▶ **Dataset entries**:
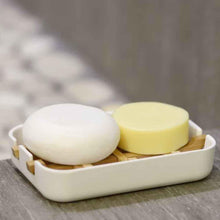 Load image into Gallery viewer, Bamboo + Cornstarch Soap Dish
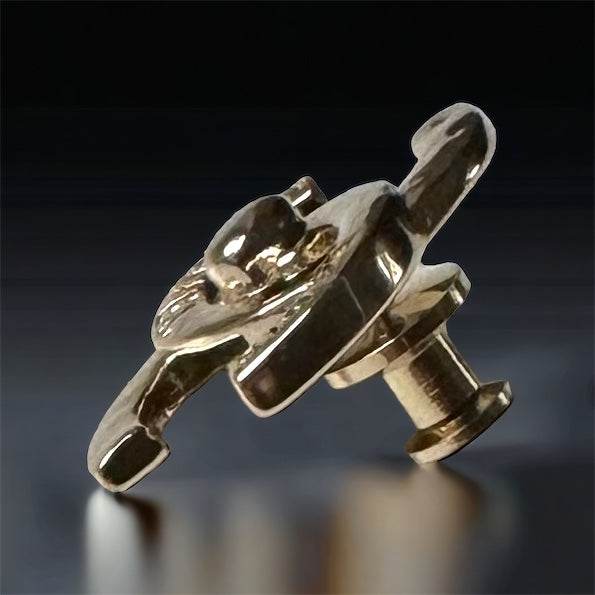 Authentic Chanel Strass CC Lock Style Brooch Pin 22 Pre-Owned - My Mama Found What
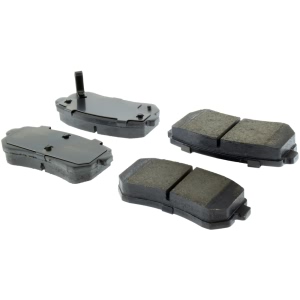 Centric Posi Quiet™ Ceramic Rear Disc Brake Pads for 2012 Kia Forte - 105.11570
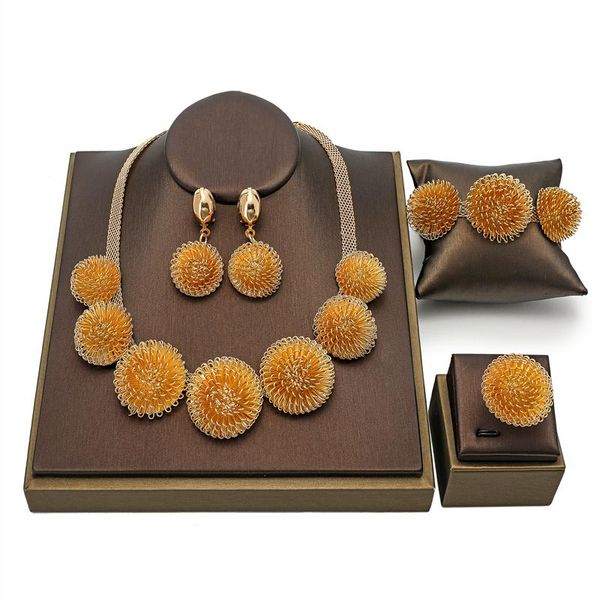 earrings & necklace fashion dubai gold bridal woman sets nigerian wedding accessories jewelry set african design wholesale, Silver
earrings & necklace fashion dubai gold bridal woman sets nigerian wedding accessories jewelry set african design wholesale, Silver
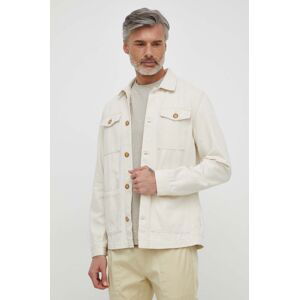 Rifľová košeľa Pepe Jeans Bingham pánska, béžová farba, regular, s klasickým golierom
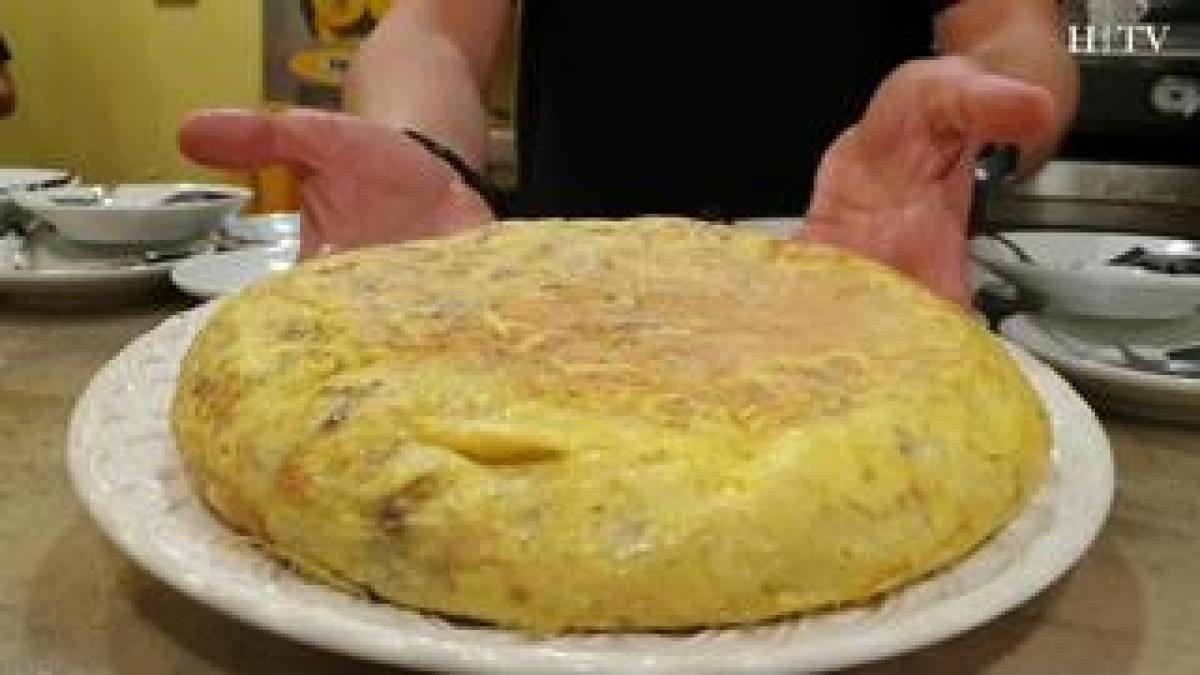Vídeo receta de la mejor tortilla de patata de Zaragoza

▶ **Task details**:
Repeat all the records exactly, images excluded.

▶ **Finished exercise**:
 Load image into Gallery viewer, Bamboo + Cornstarch Soap Dish
 Authentic Chanel Strass CC Lock Style Brooch Pin 22 Pre-Owned - My Mama Found What
 Centric Posi Quiet™ Ceramic Rear Disc Brake Pads for 2012 Kia Forte - 105.11570
 earrings & necklace fashion dubai gold bridal woman sets nigerian wedding accessories jewelry set african design wholesale, Silver
earrings & necklace fashion dubai gold bridal woman sets nigerian wedding accessories jewelry set african design wholesale, Silver
 Rifľová košeľa Pepe Jeans Bingham pánska, béžová farba, regular, s klasickým golierom
Vídeo receta de la mejor tortilla de patata de Zaragoza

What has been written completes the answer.